The task of this problem is simple: insert a sequence of distinct positive integers into a hash table first. Then try to find another sequence of integer keys from the table and output the average search time (the number of comparisons made to find whether or not the key is in the table). The hash function is defined to be H(key)=key%TSize where TSize is the maximum size of the hash table. Quadratic probing (with positive increments only) is used to solve the collisions.
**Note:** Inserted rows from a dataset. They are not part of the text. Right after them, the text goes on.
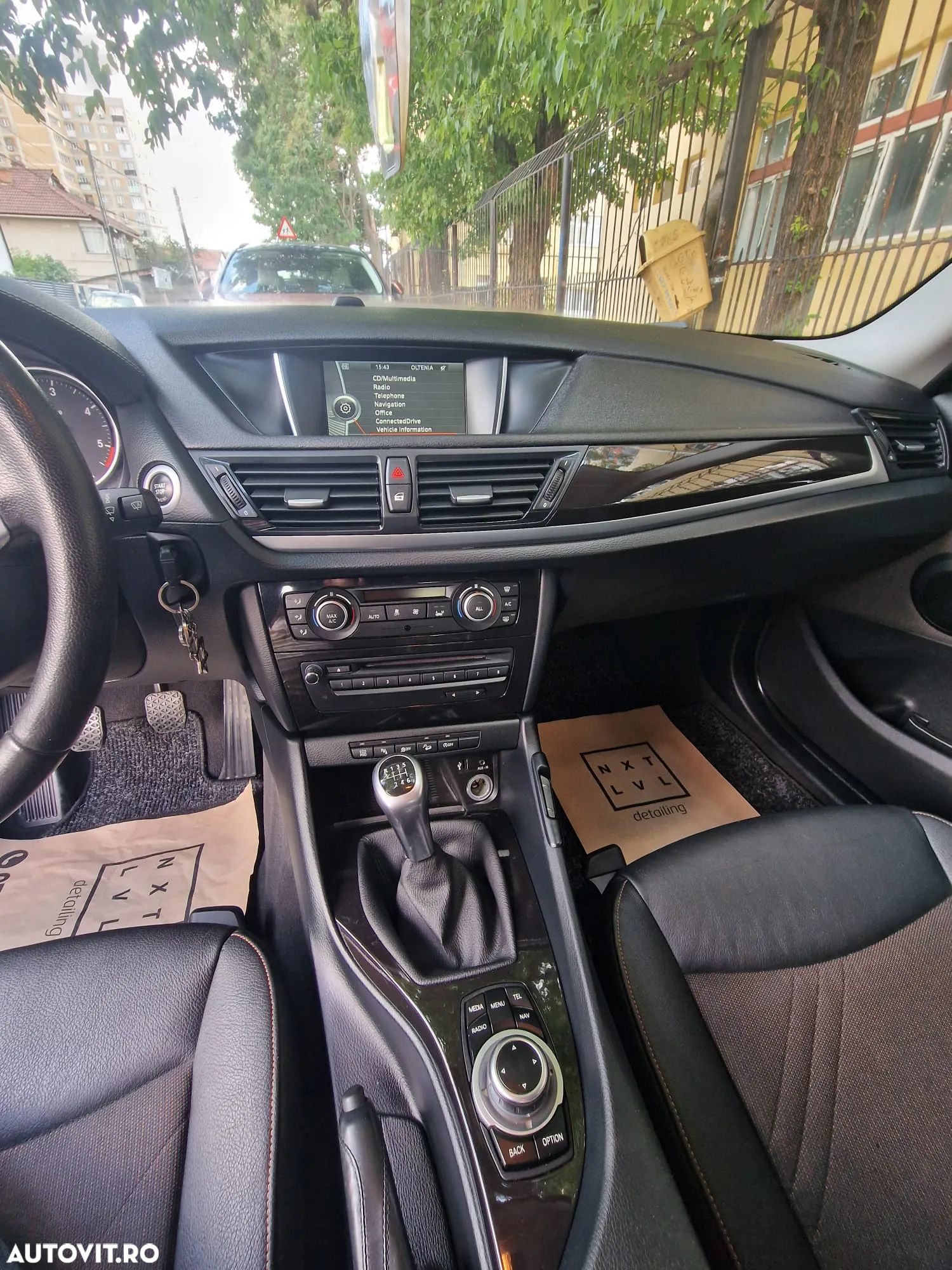 BMW X1 xDrive18d - 9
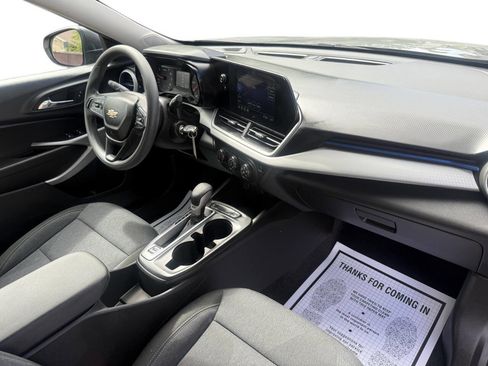 Used 2024 Chevrolet Trax LS w/ Driver Confidence Package image 6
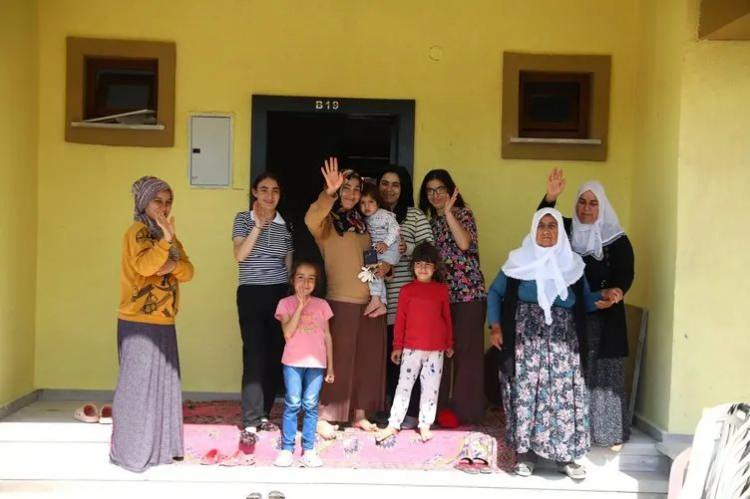 <p>BAYRAMDA KAPIMIZ TEKRAR &Ccedil;ALINDI</p>

<p>&nbsp;</p>

<p>&nbsp;</p>
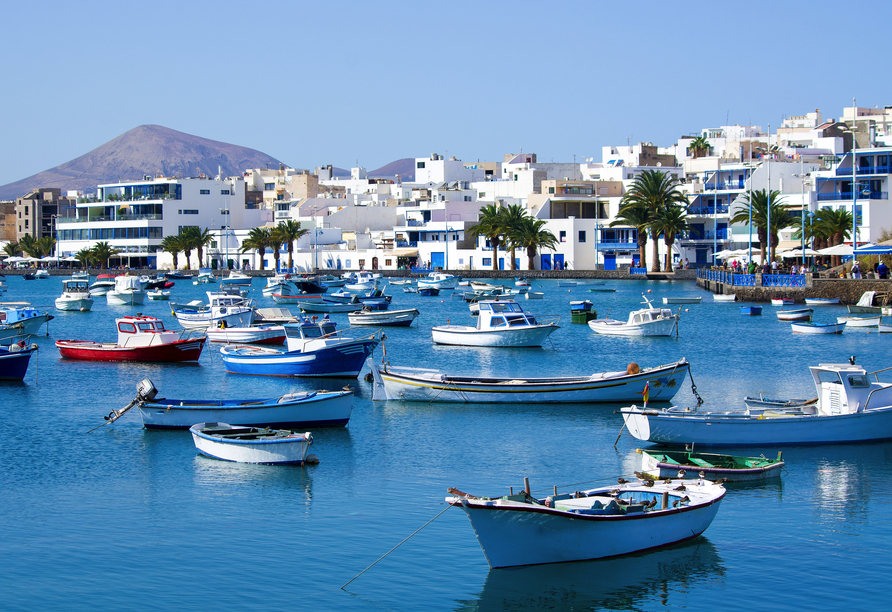 Der pittoreske Hafen in Arrecife auf Lanzarote lädt zu einem Spaziergang ein.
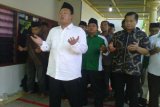 Bangkalan (Antara Jatim) - Kepala Badan Nasional Penempatan dan Perlindungan Tenaga Kerja Indonesia (BNP2TKI) Nusron Wahid (baju putih), Rabu (15/4)  memimpin shalat jenazah di rumah keluarga Siti Zaenab, TKI yang dieksekusi mati di Arab Saudi karena kasus pembunuhan. TKI Zaenab dieksekusi mati Selasa (14/4) sekitar pukul 10.00 waktu setempat. Foto Abd Aziz/15/Chan.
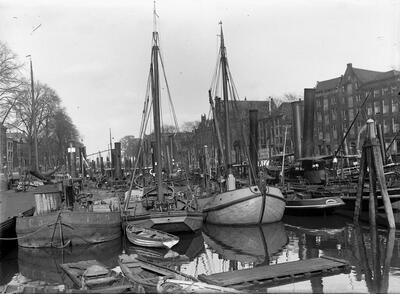 Onbekende stoomsleepboten in de Wolwevershaven in Dordrecht.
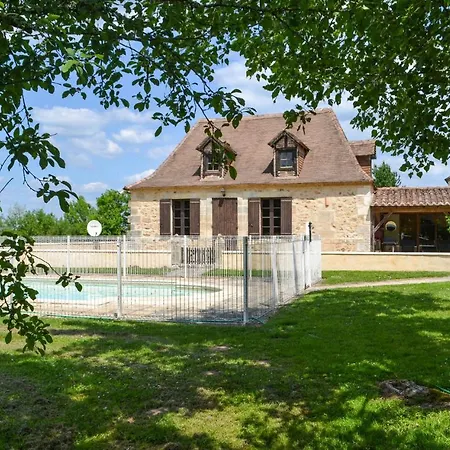 Cozy In Eglise Neuve Dissac Holiday home *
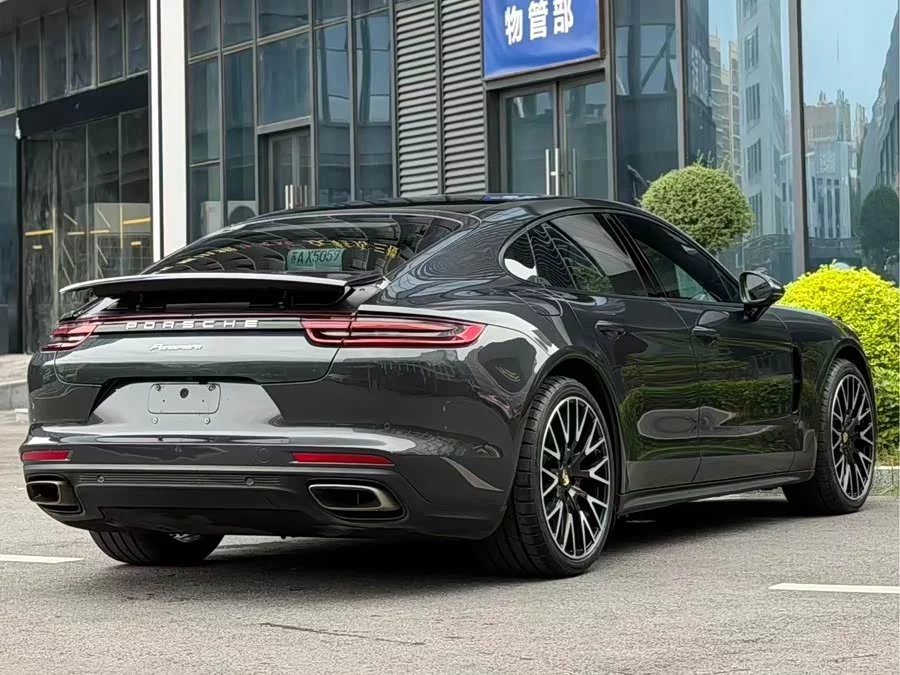 Porsche Panamera
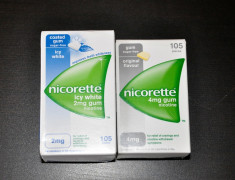 Guma Nicorette Original Flavour 4 mg, 105 buc + IcyWhite 2 mg, 105 buc. foto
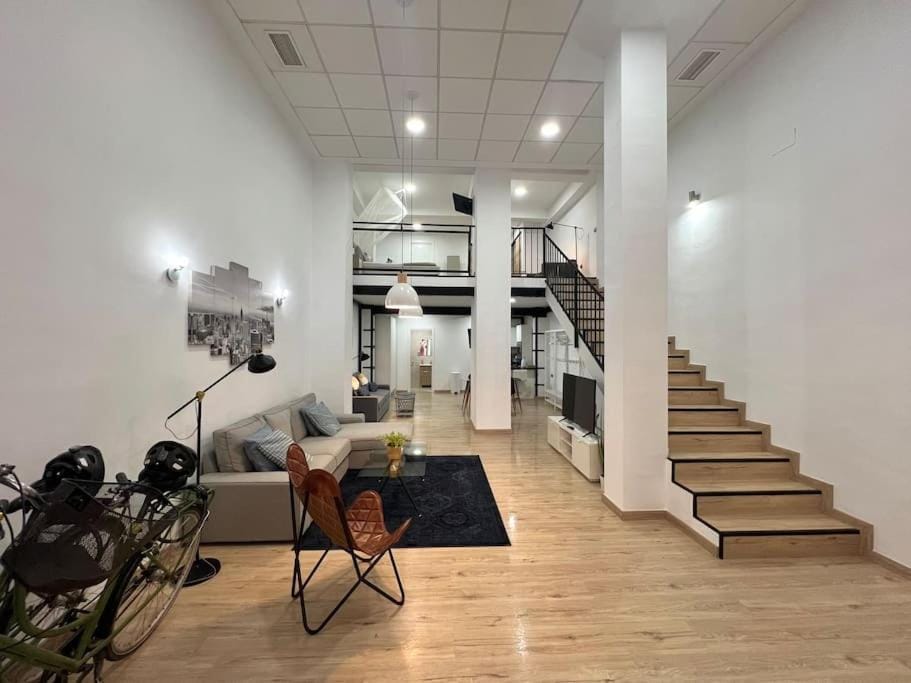TV and multimedia, Living room, Seating area, dishwasher, microwave, oven, toaster, kitchen, air conditioner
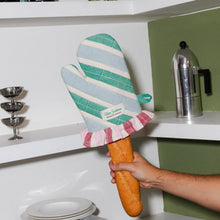 Load image into Gallery viewer, Ruffled Oven Mitt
Note that the table size is better to be prime. If the maximum size given by the user is not prime, you must re-define the table size to be the smallest prime number which is larger than the size given by the user.

Input Specification:

Each input file contains one test case. For each case, the first line contains 3 positive numbers: MSize, N, and M, which are the user-defined table size, the number of input numbers, and the number of keys to be found, respectively. All the three numbers are no more than 10​4​​. Then N distinct positive integers are given in the next line, followed by M positive integer keys in the next line. All the numbers in a line are separated by a space and are no more than 10​5​​.

Output Specification:

For each test case, in case it is impossible to insert some number, print in a line X cannot be inserted. where X is the input number. Finally print in a line the average search time for all the M keys, accurate up to 1 decimal place.

Sample Input:

4 5 4
10 6 4 15 11
11 4 15 2
 

Sample Output:

15 cannot be inserted.
2.8

 題意：
給定一個雜湊表的大小，一段序列，和雜湊函式，求給定一個序列，將其構造成雜湊表，並求每次查詢的平均次數。

思路：
根據題目要求構造雜湊表，並進行查詢。

程式碼如下：

#include <bits/stdc++.h>
using namespace std;
const int maxn=1e5+10;
int Msize,n,m;
int Hash[maxn];
map<int,int>ma;
bool Judge (int x)
{
	if(x==1)
		return false;
	for (int i=2;i<=sqrt(x);i++)
	{
		if(x%i==0)
		{
			return false;
		}
	}
	return true;
}
int main()
{
	memset (Hash,-1,sizeof(Hash));
	scanf("%d%d%d",&Msize,&n,&m);
	while (!Judge(Msize))
	{
		Msize++;
	}
	for (int i=0;i<n;i++)
	{
		int x;
		scanf("%d",&x);
		int loc=x%Msize;
		int flag=0;
		for (int j=0;j<Msize;j++)
		{
			int nloc=(loc+j*j)%Msize;
			if(Hash[nloc]==-1)
			{
				Hash[nloc]=x;
				flag=1;
				break;
			}
		}
		if(!flag)
		{
			printf("%d cannot be inserted.\n",x);
		}
	}
	int sum=0,t=m;
	double ans;
	for (int i=0;i<m;i++)
	{
		int x;
		scanf("%d",&x);
		int loc=x%Msize,tsum=0,flag=0;
		for (int j=0;j<Msize;j++)
		{
			int nloc=(loc+j*j)%Msize;
			//tsum++;
			sum++;
			if(Hash[nloc]==x||Hash[nloc]==-1)
			{
				flag=1;
				break;
			}
		}
		if(flag==0)
		{
			sum++;
		}
	}
	printf("%.1lf\n",sum*1.0/m);
	
	return 0;
}